After production wrapped, he moved to rented space in the Soho area of London. The show employed an Avid Media Composer workflow, which is Hermida’s preferred NLE.



“I’m always Media Composer. I literally don’t know how to use the others, so the second it stops being Media Composer, I’m in trouble,” he jokes. “With Media Composer, the thing it gives you is stability. It’s great for the creative. It does everything I want it to do. I did a show called The Wheel of Time for Amazon a couple of years ago. It’s like a big fantasy kind of series, and we had like seven editors and 10 assistants all working within the same set of projects. Media Composer is just such a tank. It can hold up to that many ins and outs, and it can deal with that amount of media. It’s very stable, so that’s why it’s always used in big productions.”

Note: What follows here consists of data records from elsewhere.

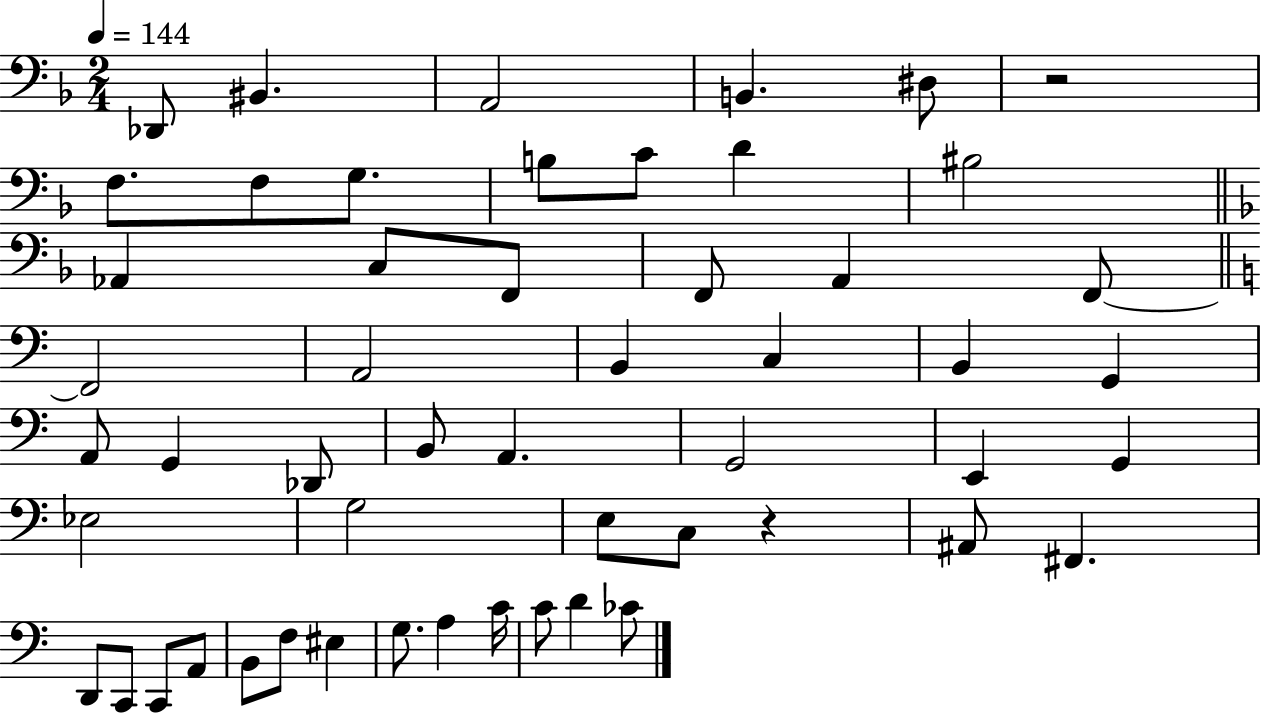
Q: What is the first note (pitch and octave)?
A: Db2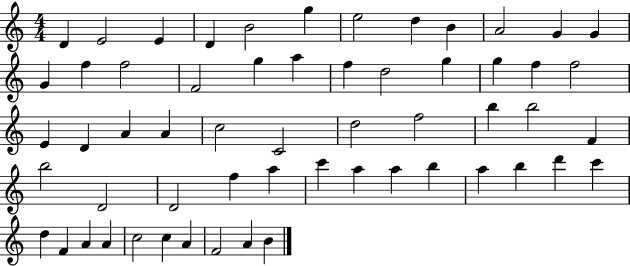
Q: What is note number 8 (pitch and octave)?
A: D5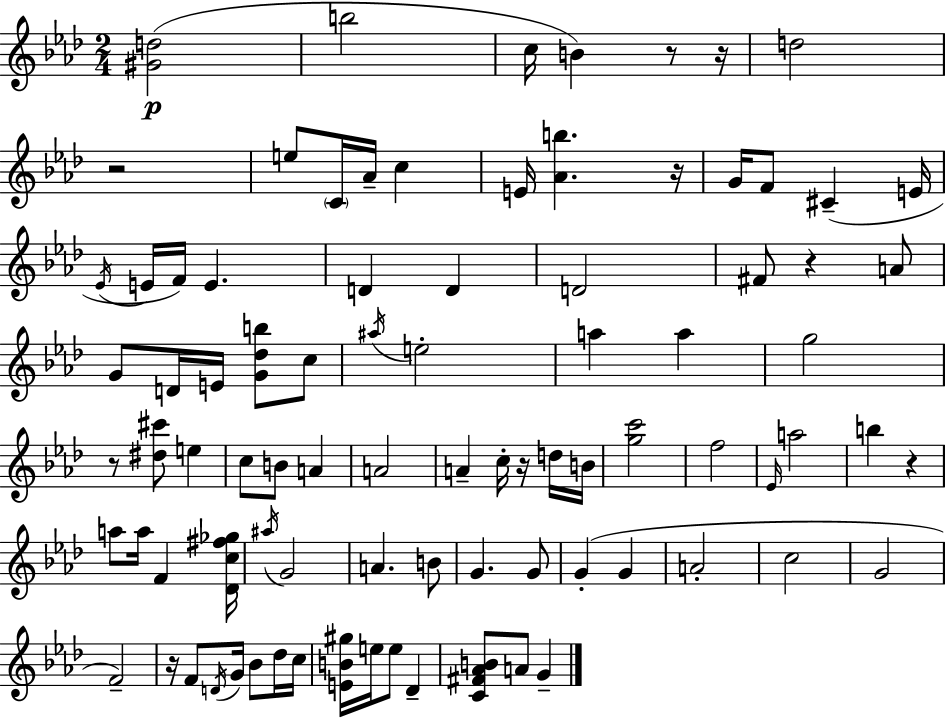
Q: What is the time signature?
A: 2/4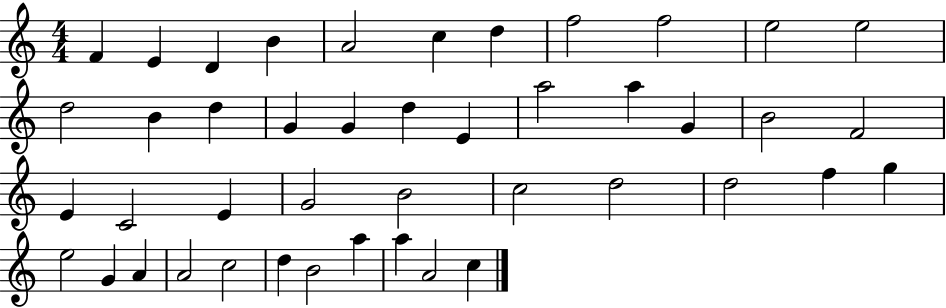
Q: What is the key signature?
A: C major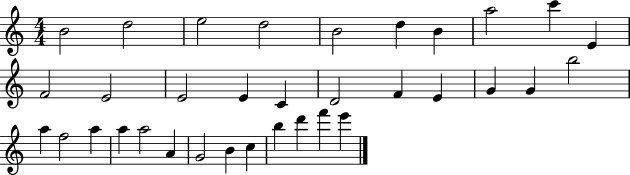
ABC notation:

X:1
T:Untitled
M:4/4
L:1/4
K:C
B2 d2 e2 d2 B2 d B a2 c' E F2 E2 E2 E C D2 F E G G b2 a f2 a a a2 A G2 B c b d' f' e'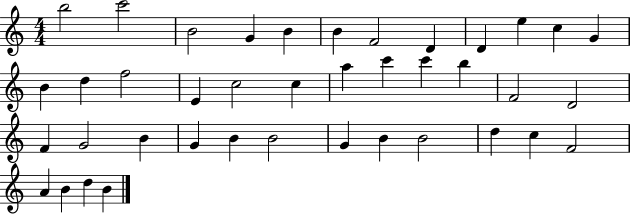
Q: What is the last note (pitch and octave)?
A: B4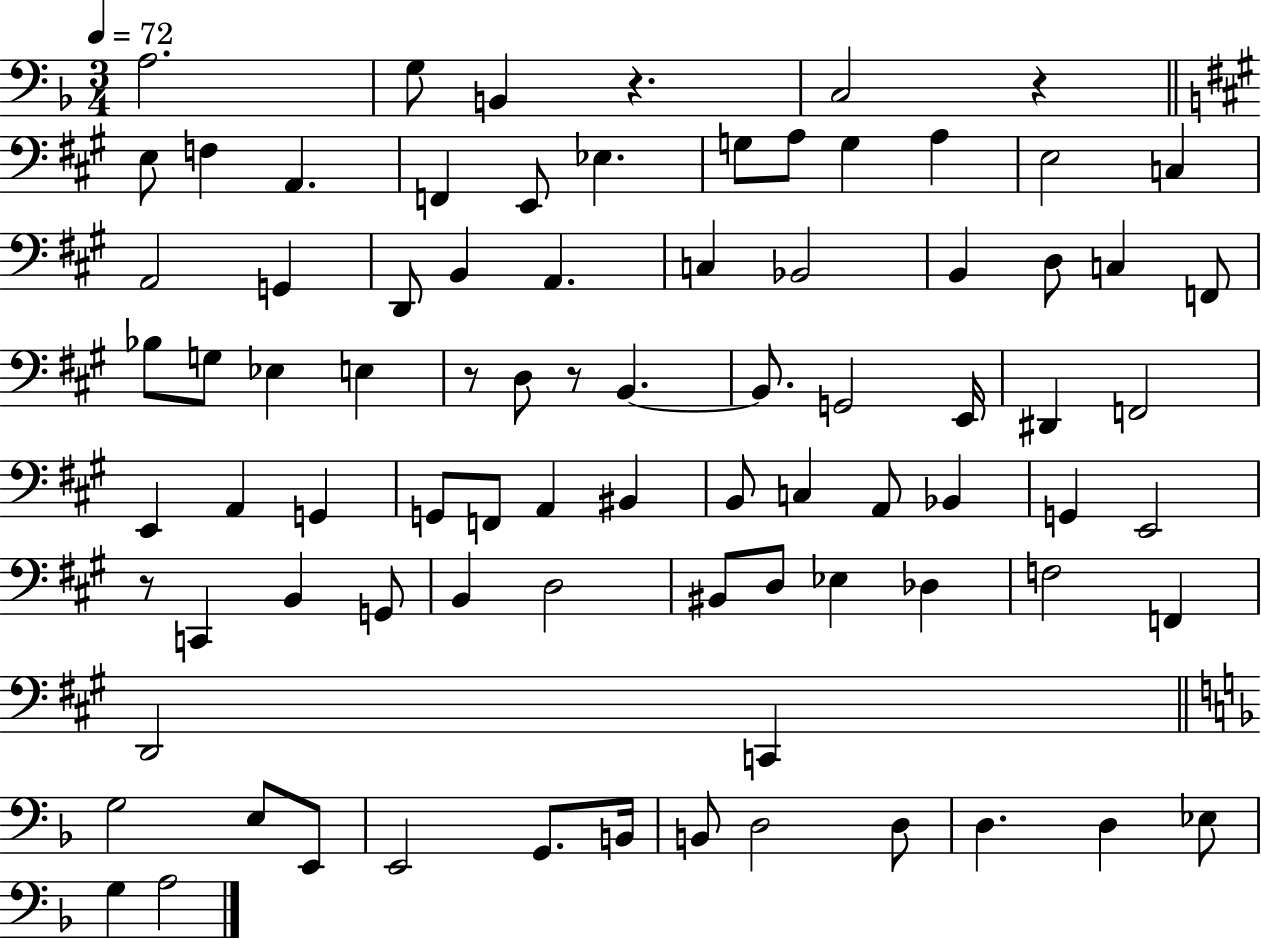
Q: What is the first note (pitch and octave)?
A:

He worked with a Mac-based system for Riot Women, and was usually only a day behind when it came to assembling what had been shot. 

“They shoot Day 1 and I come in on Day 1 and set up project, and then I edit Day 2, so I’m one day behind,” he explains. “And that way, if there’s a problem — a focus issue or whatever — or I feel like they’ve missed a shot, they’re usually still on that location, so they can pick me up a shot. Whereas if I was 10 weeks behind, they’d have to rebuild the location. It could get a lot more expensive.”

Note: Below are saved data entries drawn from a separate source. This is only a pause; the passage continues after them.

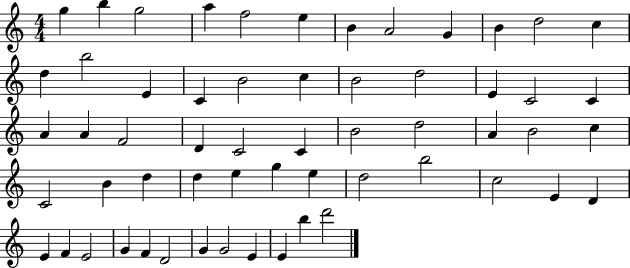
G5/q B5/q G5/h A5/q F5/h E5/q B4/q A4/h G4/q B4/q D5/h C5/q D5/q B5/h E4/q C4/q B4/h C5/q B4/h D5/h E4/q C4/h C4/q A4/q A4/q F4/h D4/q C4/h C4/q B4/h D5/h A4/q B4/h C5/q C4/h B4/q D5/q D5/q E5/q G5/q E5/q D5/h B5/h C5/h E4/q D4/q E4/q F4/q E4/h G4/q F4/q D4/h G4/q G4/h E4/q E4/q B5/q D6/h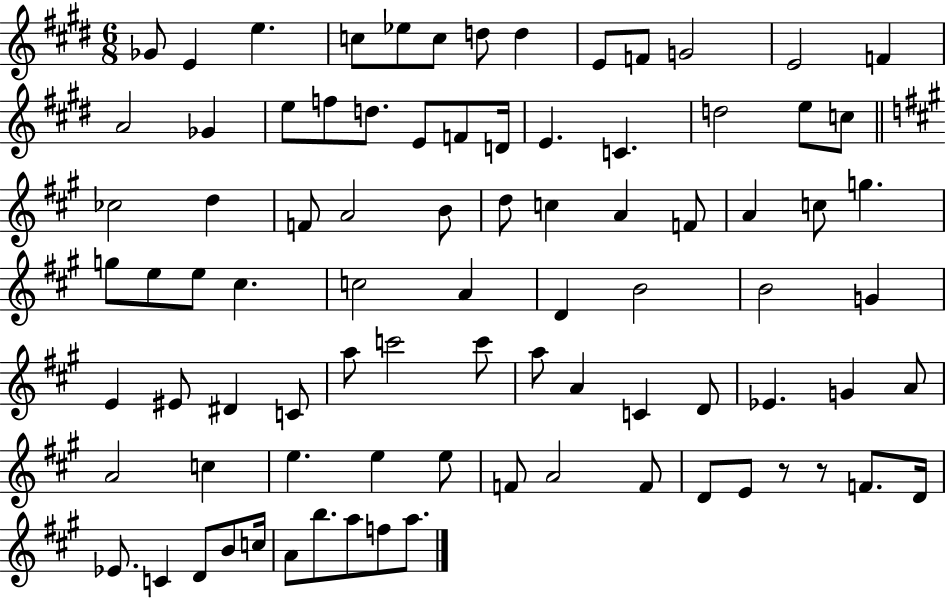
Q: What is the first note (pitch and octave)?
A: Gb4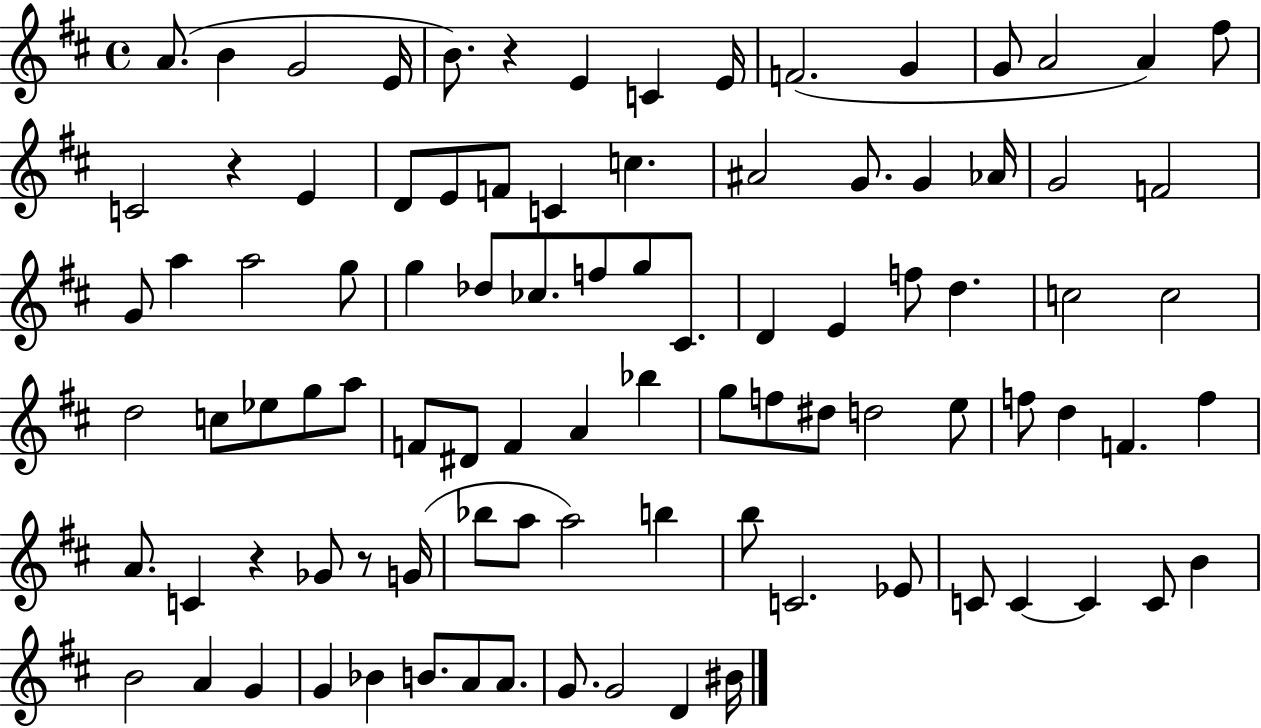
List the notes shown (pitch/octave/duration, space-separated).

A4/e. B4/q G4/h E4/s B4/e. R/q E4/q C4/q E4/s F4/h. G4/q G4/e A4/h A4/q F#5/e C4/h R/q E4/q D4/e E4/e F4/e C4/q C5/q. A#4/h G4/e. G4/q Ab4/s G4/h F4/h G4/e A5/q A5/h G5/e G5/q Db5/e CES5/e. F5/e G5/e C#4/e. D4/q E4/q F5/e D5/q. C5/h C5/h D5/h C5/e Eb5/e G5/e A5/e F4/e D#4/e F4/q A4/q Bb5/q G5/e F5/e D#5/e D5/h E5/e F5/e D5/q F4/q. F5/q A4/e. C4/q R/q Gb4/e R/e G4/s Bb5/e A5/e A5/h B5/q B5/e C4/h. Eb4/e C4/e C4/q C4/q C4/e B4/q B4/h A4/q G4/q G4/q Bb4/q B4/e. A4/e A4/e. G4/e. G4/h D4/q BIS4/s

During production, Hermida would check in with Wainwright via text and quick calls each evening. 
“Some directors really like that. They want to have a lot of contact,” he shares. “And some prefer to just kind of be hands off and not see anything until we edit. Sally and I talked a lot, and we socialized as well in the evening after shoots, so we were talking about what was going on. We were in constant contact. And then when the edit starts, she’s in there every day. It was her and I for six months — the two of us — occasionally with producers in the room as well. And then she was back and forth because there were two edits. Anne was next door, so Sally was kind of between the two us.”

When looking at the block of the show that he helped shape, Hermida points to Episode 3 as being one of the more challenging, specifically due to a nine-minute sequence involving Beth and Kitty. The two are out to dinner at a quiet restaurant where storylines intersect. Kitty reveals to Beth that her adopted son Tom may be the baby she gave up years ago. Beth realizes that Kitty could have only been a young teen at the time, and surmises that someone had abused her. And Kitty mentions coming across Beth’s suicide note, further adding to the tension. 



“It’s the centerpiece of the episode, certainly,” says Hermida. “It was such a complicated scene, emotionally, because of what was going on for the two characters. But also, there was a lot of continuity there, because they’re eating dinner. All of that’s on-screen, and…when you get a scene that length, it’s got different kinds of rhythms inside it. Maybe with a two-minute dialog scene, it’s a single kind of rhythm to it, where you feel the arc of the conversation. But in a scene like that — where the information and the power and the emotion is kind of going back and forth between the two characters — you have to find the long-wave rhythm of the scene, as well as the short-wave rhythms within that. It doesn’t want to feel too even-paced. It wants to feel like it’s its own story in a way that you’ve got to know when to speed it up, when to slow it down, when to let the audience sit with the emotion of what’s happening. It becomes like making a little film inside a film. So that was a real challenge. That was the thing that took us days and days and days to get that right.”



Visual effects for the series were rather minimal, says Hermida. They included painting out crew and equipment, re-timing a drone shot, and adding blood to the opening supermarket scene where Kitty’s mouth gets cut. 

Hermida is now onto his next project, which, coincidently, he’s editing in the same Soho space in which he cut Riot Women. He’s now editing California Avenue, an upcoming BBC One television drama series from creator Hugo Blick that stars Bill Nighy, Erin Doherty, Helena Bonham Carter and Tom Burke.